Easwaran (2000:70) menyatakan, bahwa dalam hidup ini tidak ada yang lebih mendesak daripada belajar menghadapi kematian. Jika saja manusia diberi hidup seribu tahun, tentu pelajaran ini tidak mendesak. Seratus tahun digunakan untuk bersenang-senang, seratus tahun lagi untuk mengejar kekayaan, seratus tahun kemudian untuk mencari kekuasaan,  dan seterusnya, sisanya seratus tahun terakhir baru mengalihkan perhatian belajar untuk mempersiapkan diri menghadapi kematian.

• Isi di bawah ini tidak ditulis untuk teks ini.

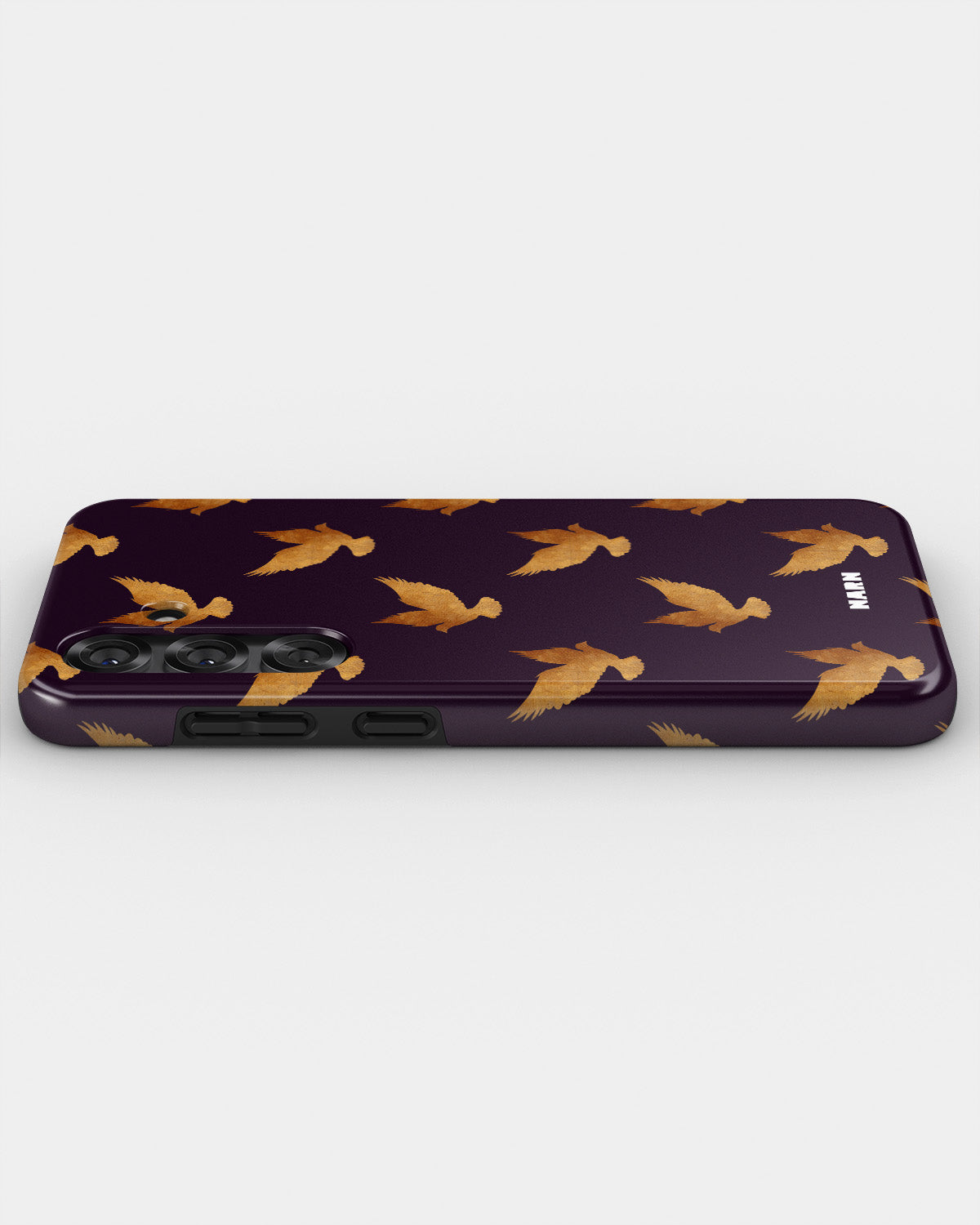 Samsung Galaxy S25 Plus Tough Case – Royal Doves - View 3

Tetapi sayangnya, usia manusia tidaklah sedemikian panjang. Waktu untuk  hidup manusia sangatlah pendek. Manusia punya waktu yang sangat singkat. Waktu hidup ini pun dikurangi waktu tidur, waktu sakit, dan waktu lainnya, sehingga semakin sedikitlah waktu manusia untuk belajar mempersiapkan diri menghadapi kematian.

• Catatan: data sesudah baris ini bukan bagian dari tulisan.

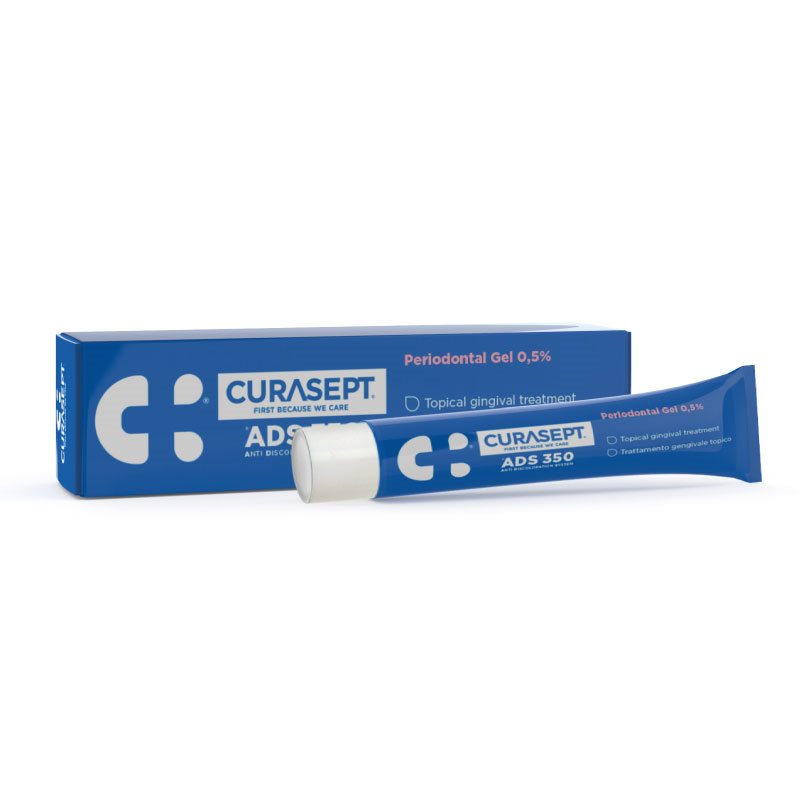 CURASEPT ADS 350 Gingival Gel 0.5 %, Hauptbild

Dalai Lama (dalam Krishna, 2002:vii) menyatakan, bahwa sebagaimana bayi yang baru lahir membutuhkan bantuan dari mereka yang sudah dewasa, begitu pula mereka yang sedang menghadapi saat-saat menjelang kematian dan tidak tahu menahu tentang proses kematian amat membutuhkan bantuan dari mereka yang mengetahuinya. Tidak kalah penting upaya untuk membuat orang lain ikut menyadari proses kematian, sehingga mereka pun terbebas dari rasa takut.
Pada saat menjelang kematian, pikiran terakhir dari seorang manusia sangat menentukan keberadaannya setelah kematian. Sivananda (2005a:58) menyatakan, bahwa pikiran terakhir dari seorang yang suka menyeleweng akan tertuju pada perempuan pasangannya itu. Pikiran terakhir dari seorang yang kecanduan minum-minuman keras akan tertuju pada minuman keras kesukaannya. Pikiran terakhir dari seorang rentenir tamak akan tertuju pada uangnya. Pikiran terakhir dari seorang prajurit akan tertuju pada waktu menembak musuh-musuhnya. Pikiran terakhir dari seorang ibu yang sangat sayang terhadap putranya tunggalnya akan tertuju pada putranya itu.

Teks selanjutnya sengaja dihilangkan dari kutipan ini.